The Life of St. Ephrem

Ephrem was of Syrian descent and son of a citizen of Nisibis. While yet a young man be betook himself to the holy bishop James, by whom he was baptized, and he soon made such progress in holiness and learning as to be appointed master in the school of Nisibis in Mesopotamia. After the death of the bishop James, Nisibis was captured by the Persians, and Ephrem went to Edessa, where he settled first among the monks in the mountains. Later, to avoid the company of those who flocked to him, he adopted the eremitical life. He was made deacon of the church of Edessa, but refused the priesthood out of humility. He was rich in all virtues and strove to acquire piety and religion by the following of true wisdom. He placed all his hope in God, despised all human and transitory things, and was ever filled with the earnest desire of those which are divine and eternal.

He was led by the Spirit of God to Caesarea in Cappadocia, where he saw Basil, the mouthpiece of the Church, and they obtained benefit from their mutual intercourse. In order to refute the many errors which troubled the Church at that time, and to expound the mysteries of Jesus Christ, he wrote many books in the Syrian tongue, almost all of which have been translated into Greek. St. Jerome bears witness that he attained such fame that his writings were read publicly in the churches after the reading from the Holy Scriptures.

On account of his works, so full of the light of heavenly doctrine, he was greatly honored even during his lifetime as a Doctor of the Church. He composed a poem in praise of the Blessed Virgin Mary and the saints for which he was called by the Syrians "the Harp of the Holy Ghost." He was noted for his great and tender devotion towards the immaculate Virgin.
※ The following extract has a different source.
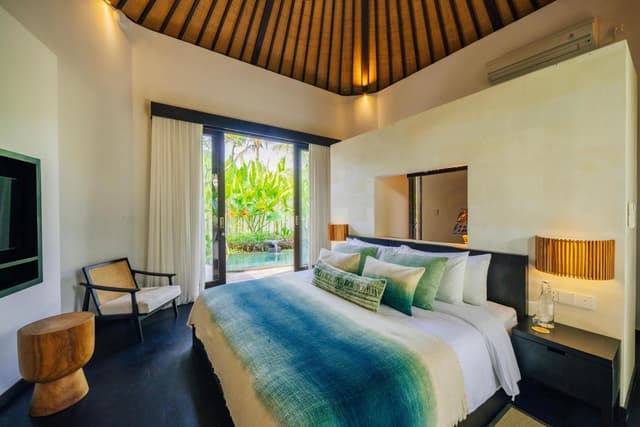 Vata - One Bedroom Garden Villa Heated Plunge Pool & Steam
He died, rich in merits, at Edessa in Mesopotamia, on the fourteenth of the Kalends of July, in the reign of Valens. Pope Benedict XV, at the instance of many Cardinals of the holy Roman Church, patriarchs, archbishops, bishops, abbots and religious communities, declared him by a decree of the Sacred Congregation of Rites to be a Doctor of the Universal Church.

Excerpted from The Liturgical Year, Abbot Gueranger O.S.B.
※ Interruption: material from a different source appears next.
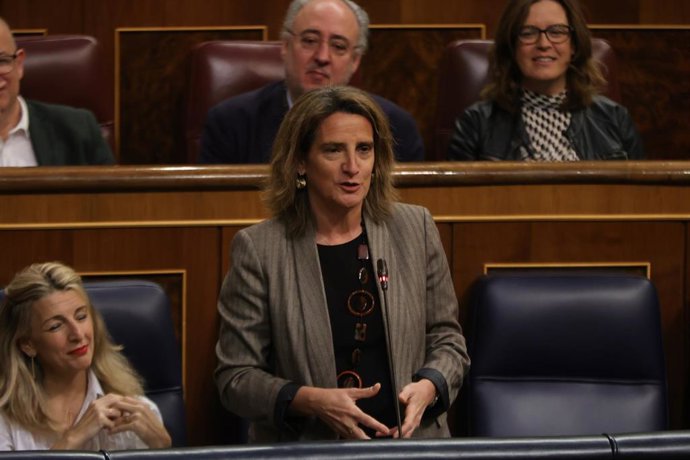 La vicepresidenta tercera y ministra para la Transición Ecológica y el Reto Demográfico, Teresa Ribera, interviene durante una sesión plenaria, en el Congreso de los Diputados, a 29 de marzo de 2023, en Madrid (España).  La ministra de Defensa comparece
Patron: Spiritual directors; spiritual leaders.

Symbols: cowl with small cross; pillar of light; scourge.

Often portrayed: In monastic habit; lying on a funeral slab; with a scroll and vine, as a deacon.

Collect Prayer

Pour into our hearts O Lord, we pray, the Holy Spirit, at whose prompting the Deacon Saint Ephrem exulted in singing of your mysteries and from whom he received the strength to serve you alone. Through our Lord Jesus Christ, your Son, who lives and reigns with you in the unity of the Holy Spirit, one God, for ever and ever. Amen.

The Prayer of St Ephrem

(Those unable may bow in lieu of prostration.)
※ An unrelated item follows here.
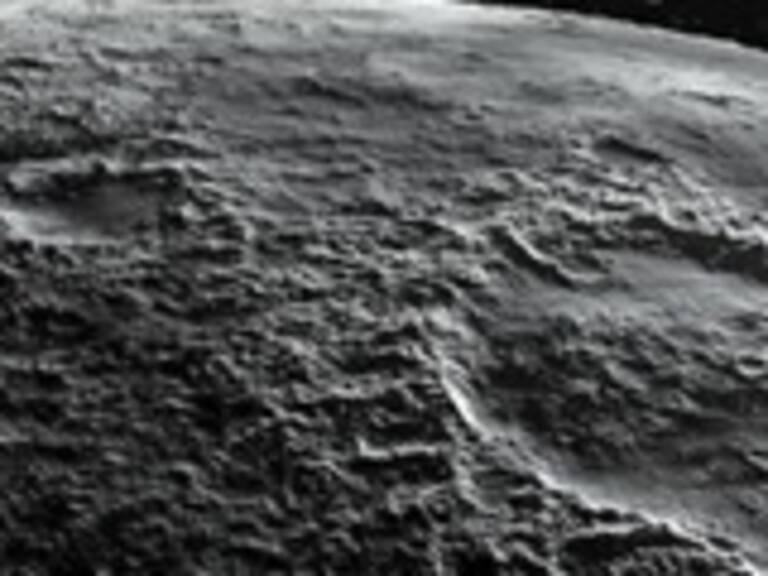 China intentará alcanzar el lado oculto de la Luna en 2018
"O Lord and Master of my life, a spirit of idleness, despondency, ambition, and idle talking give me not."

Prostration.

"But rather a spirit of chastity, humble-mindedness, patience, and love bestow upon me Thy servant."

Prostration.

"Yea, O Lord and King, grant me to see my failings and not condemn my brother; for blessed art Thou unto the ages of ages. Amen."

Prostration.

Then, twelve repetitions of:

"O God, cleanse me a sinner."

Bow.

And then repeat the entire prayer all at once:

"O Lord and Master of my life, a spirit of idleness, despondency, ambition, and idle talking give me not. But rather a spirit of chastity, humble-mindedness, patience, and love bestow upon me Thy servant. Yea, O Lord and King, grant me to see my failings and not condemn my brother; for blessed art Thou unto the ages of ages. Amen."

Prostration.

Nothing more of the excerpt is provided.